▶ _Dataset entries_:

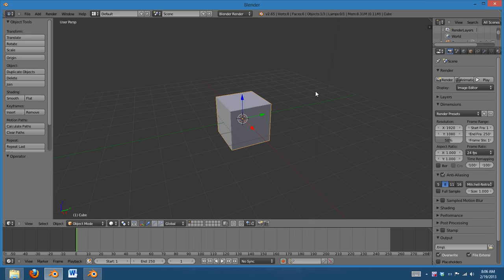Hey guys, this is Jonathan Lampel here from Blender HD, and in this quick video tip, I'm going to show you how to use custom layouts to improve your workflow.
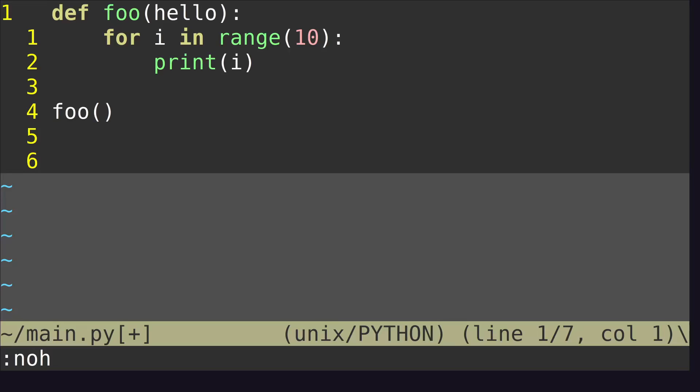What we want to do is comment out this entire function block in Python. With Vim, there are a couple of ways of doing it. Some of them are less effective, some of them are more effective. But pretty much, if you're new or if you're starting out, you are probably doing something like this.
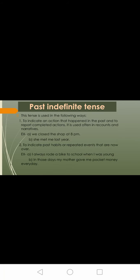Let's start with past tense today. Past indefinite tense indicates that the action described in a sentence has happened before and is not a current happening. To indicate an action that happened in the past and to report completed actions, it is used often in recounts and narratives. For example, we closed the shop at 8 p.m.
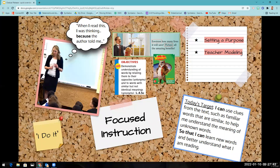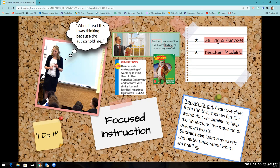So during focused instruction — and remember, you don't always have to start with focused instruction; it will depend on the content you're delivering and the type of support your students need — there are two things you're going to do. First, you're going to set the purpose and provide the students with a teacher model or think-aloud. You can introduce students to the learning target using I can statements so they understand what they're going to be learning and why it's important for them to learn that.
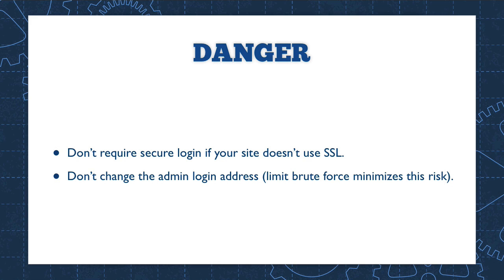And you probably don't want to change the admin login address. You have the ability to hide the address, the wp-admin, where you log into admin. That really, if you limit the brute force attack, which limits the number of failed login attempts, there really isn't that much danger of anyone knowing where the WordPress login is because they either are able to log in in three tries or they're locked out.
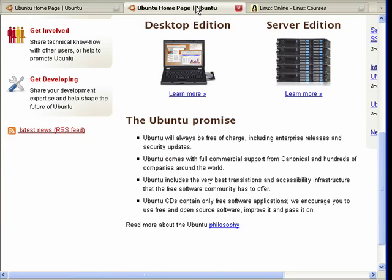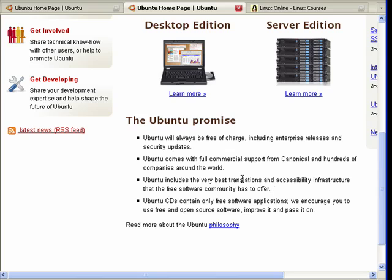Ubuntu has the promise that it will always be free of charge and that includes security updates and enterprise releases. Comes with full commercial support and even the CDs contain only free software and Ubuntu fully supports the open source software movement.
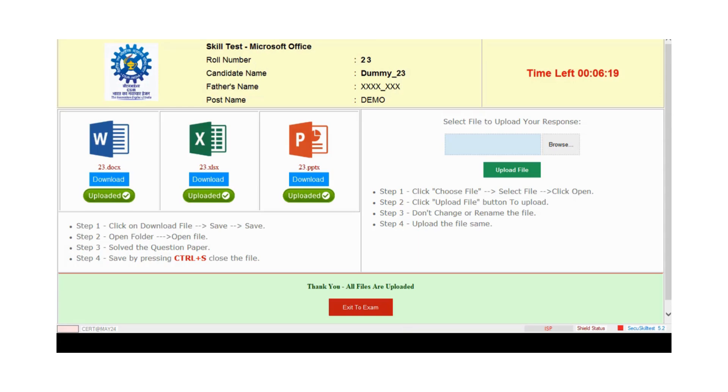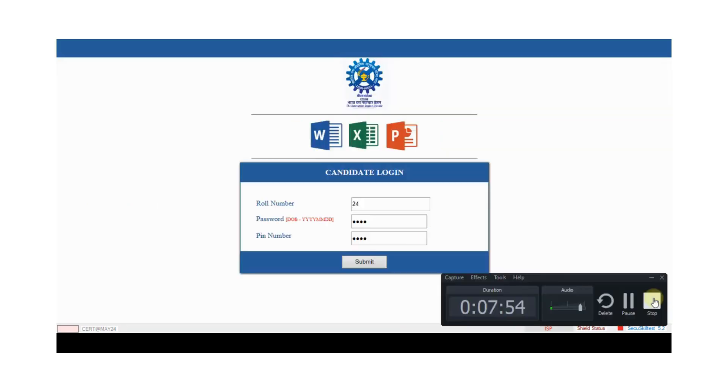Candidate needs to upload their files before the time ends. Remember, candidate needs to upload their files before the time ends. After completing all work, you can upload your files before the time ends. Now click on exit to exam. Thank you.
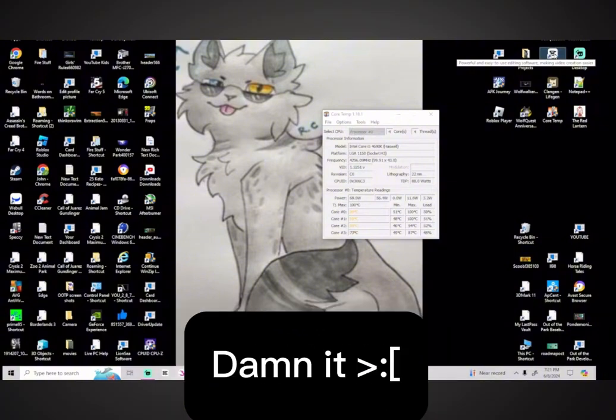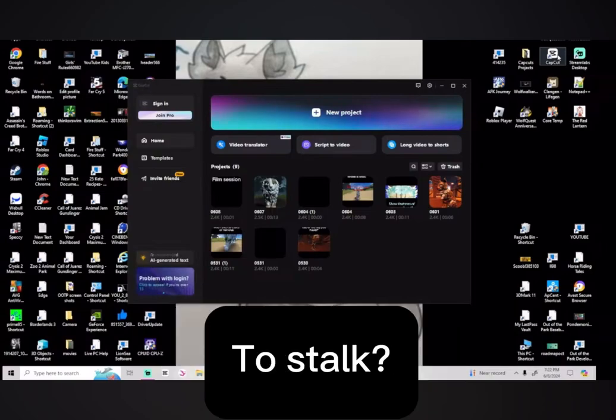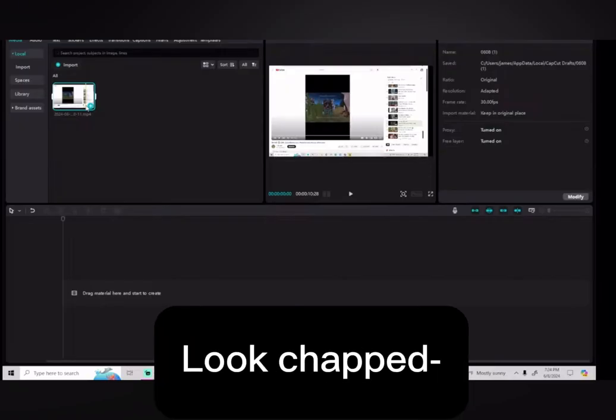Damn it. New basement gets a stock and god my lips look chapped.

▶ _EXERCISE_:
Give the lines above again exactly, from the one containing "Let's start with" to the one containing "So during focused", both included, but leave out the pictures.

▶ _SOLUTION TO THE EXERCISE_:
Let's start with past tense today. Past indefinite tense indicates that the action described in a sentence has happened before and is not a current happening. To indicate an action that happened in the past and to report completed actions, it is used often in recounts and narratives. For example, we closed the shop at 8 p.m.
So during focused instruction — and remember, you don't always have to start with focused instruction; it will depend on the content you're delivering and the type of support your students need — there are two things you're going to do. First, you're going to set the purpose and provide the students with a teacher model or think-aloud. You can introduce students to the learning target using I can statements so they understand what they're going to be learning and why it's important for them to learn that.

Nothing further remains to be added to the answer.